EXERCISE MATERIAL Block Start

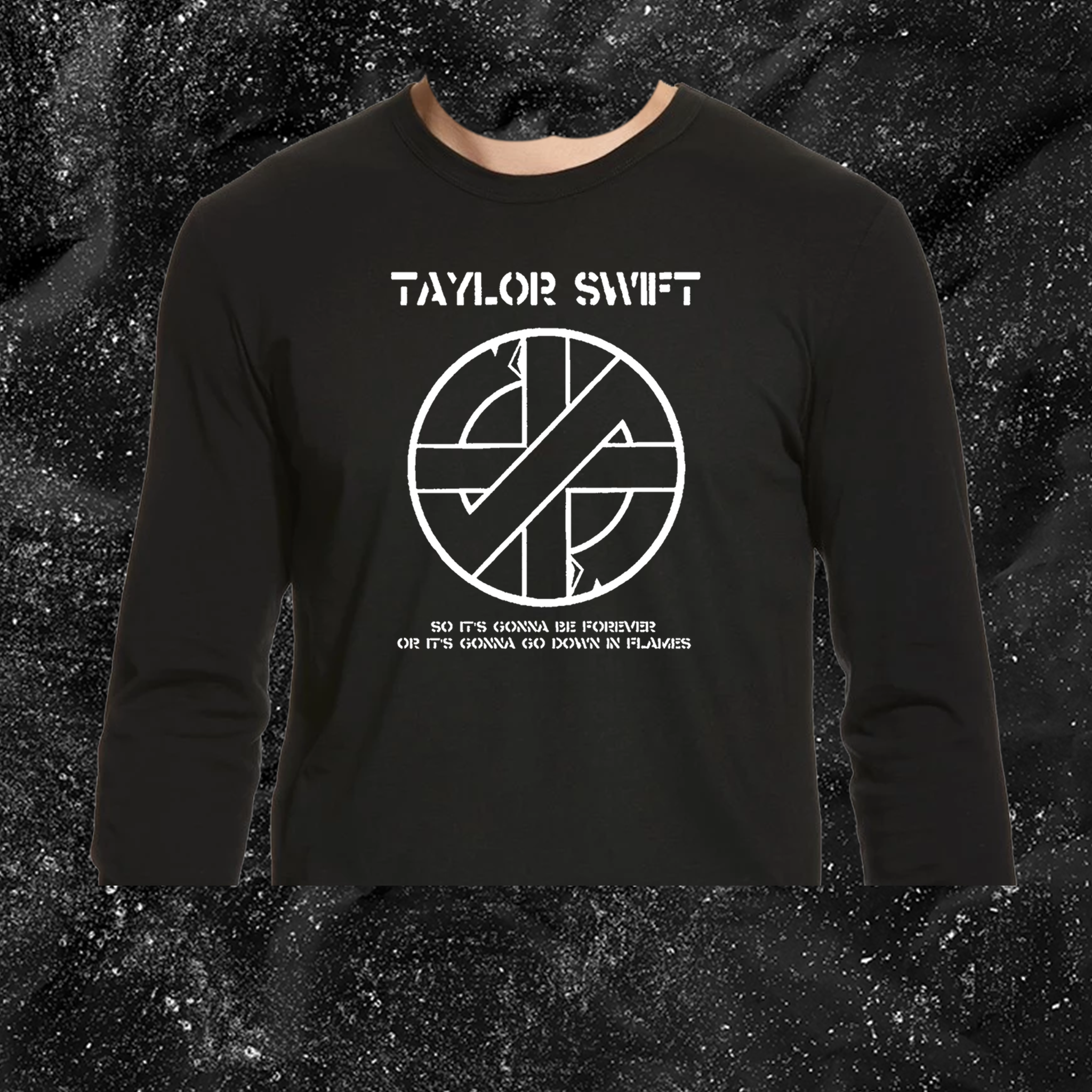 Taylor Swift // Crass Go Down In Flames - Il Pleut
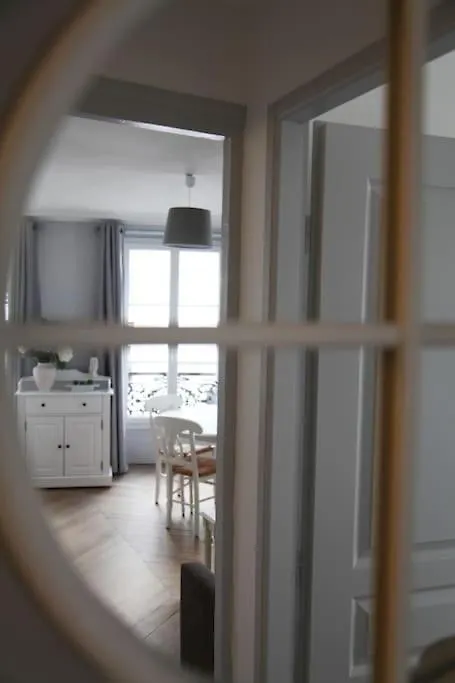 The Charming Ramey Appartement Parijs 0*,
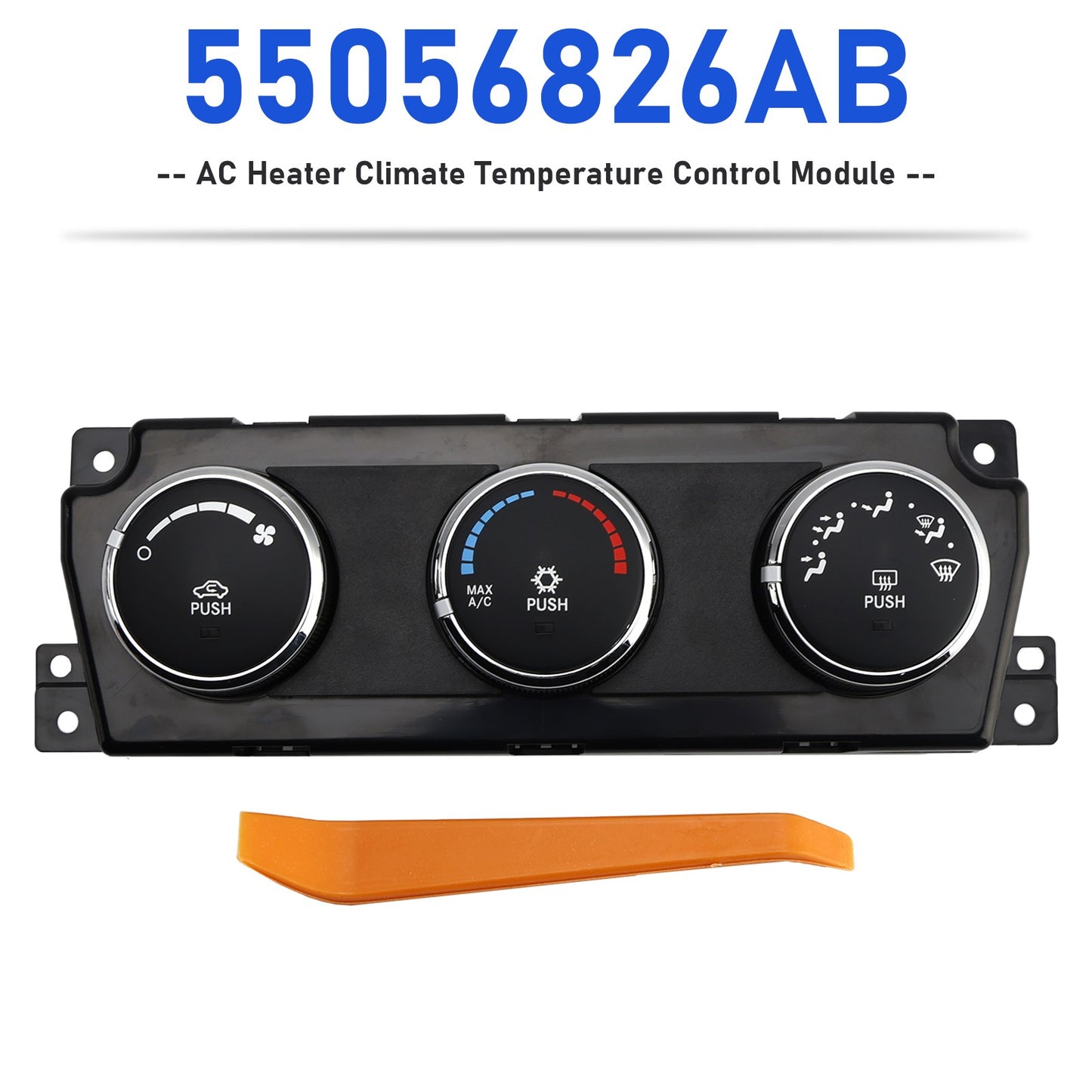 AC Heater Climate Temperature Control Module for Ram 1500 2009-2010 55056826AB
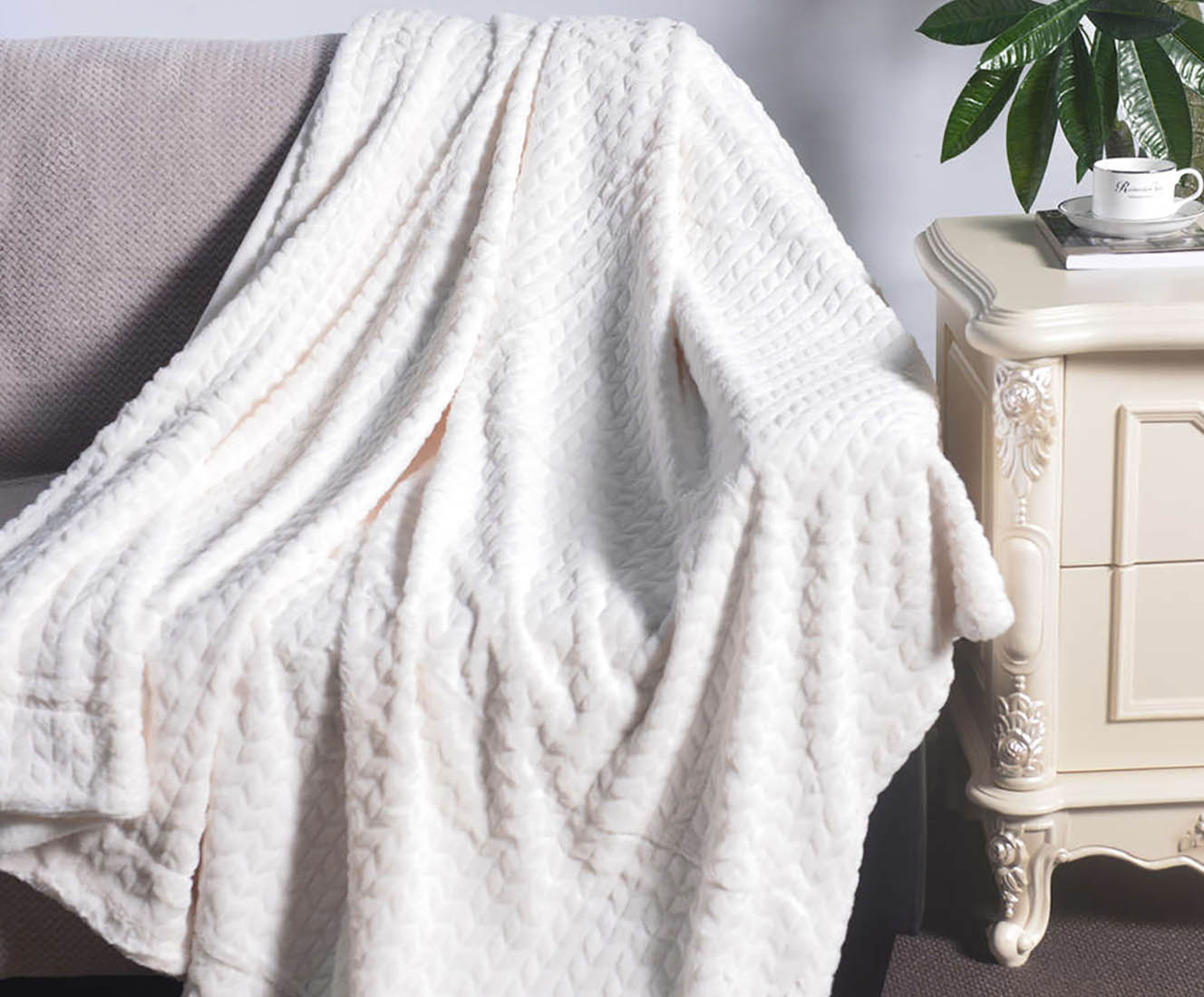 Jacquard Blanket #BL0175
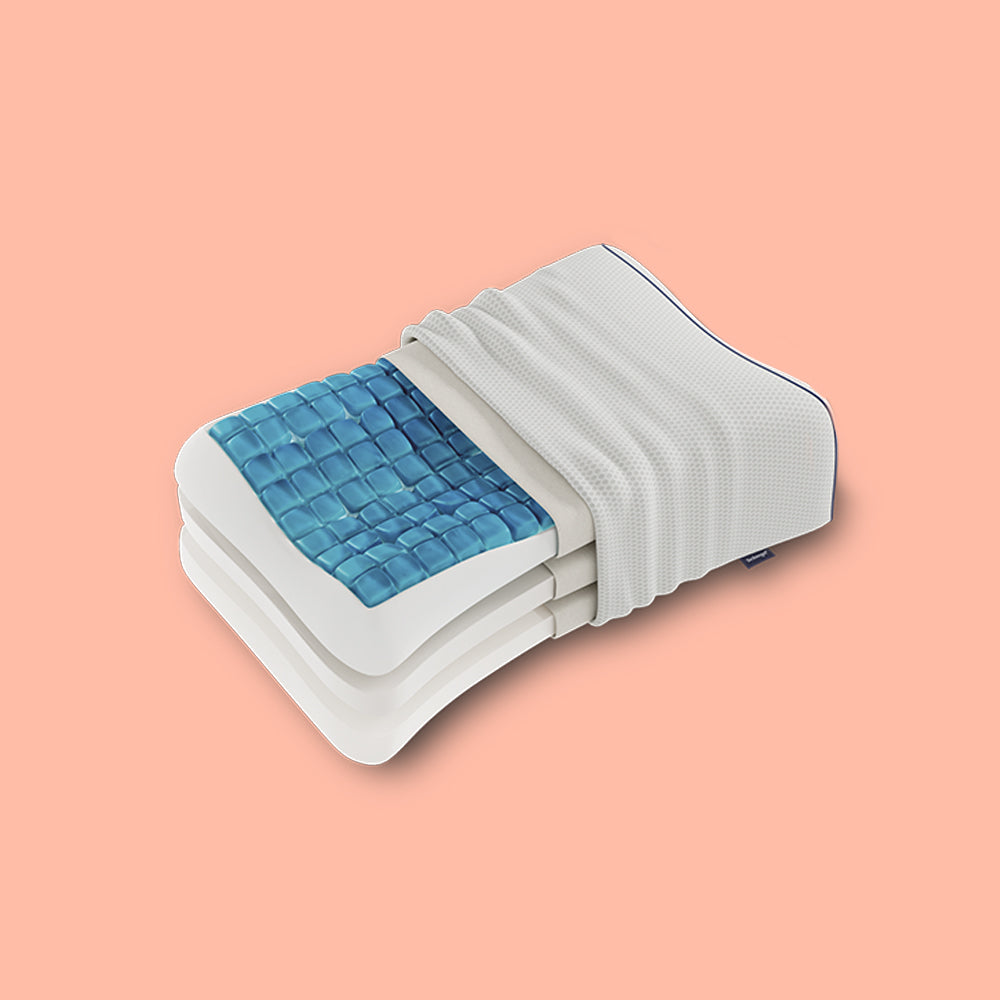 Technogel® Adjustable Anatomic Curve hoofdkussen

EXERCISE MATERIAL Block End

_EXERCISE DIRECTIONS_
Retype each record exactly as it appears above and drop the images.

_COMPLETED EXERCISE_
 Taylor Swift // Crass Go Down In Flames - Il Pleut
 The Charming Ramey Appartement Parijs 0*,
 AC Heater Climate Temperature Control Module for Ram 1500 2009-2010 55056826AB
 Jacquard Blanket #BL0175
 Technogel® Adjustable Anatomic Curve hoofdkussen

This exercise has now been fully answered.